## SUPPLIED MATERIAL
────────────────────

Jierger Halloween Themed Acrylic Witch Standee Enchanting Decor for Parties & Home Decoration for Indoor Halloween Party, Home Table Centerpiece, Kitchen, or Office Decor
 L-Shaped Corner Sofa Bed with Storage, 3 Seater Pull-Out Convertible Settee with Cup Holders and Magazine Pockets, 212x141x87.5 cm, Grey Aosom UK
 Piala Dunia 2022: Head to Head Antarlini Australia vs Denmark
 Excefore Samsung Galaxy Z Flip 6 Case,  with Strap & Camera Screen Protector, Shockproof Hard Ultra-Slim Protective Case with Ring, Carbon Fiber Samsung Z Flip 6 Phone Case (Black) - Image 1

────────────────────

## TASK
Please write out the data again exactly as it stands.

## WRITTEN ANSWER
Jierger Halloween Themed Acrylic Witch Standee Enchanting Decor for Parties & Home Decoration for Indoor Halloween Party, Home Table Centerpiece, Kitchen, or Office Decor
 L-Shaped Corner Sofa Bed with Storage, 3 Seater Pull-Out Convertible Settee with Cup Holders and Magazine Pockets, 212x141x87.5 cm, Grey Aosom UK
 Piala Dunia 2022: Head to Head Antarlini Australia vs Denmark
 Excefore Samsung Galaxy Z Flip 6 Case,  with Strap & Camera Screen Protector, Shockproof Hard Ultra-Slim Protective Case with Ring, Carbon Fiber Samsung Z Flip 6 Phone Case (Black) - Image 1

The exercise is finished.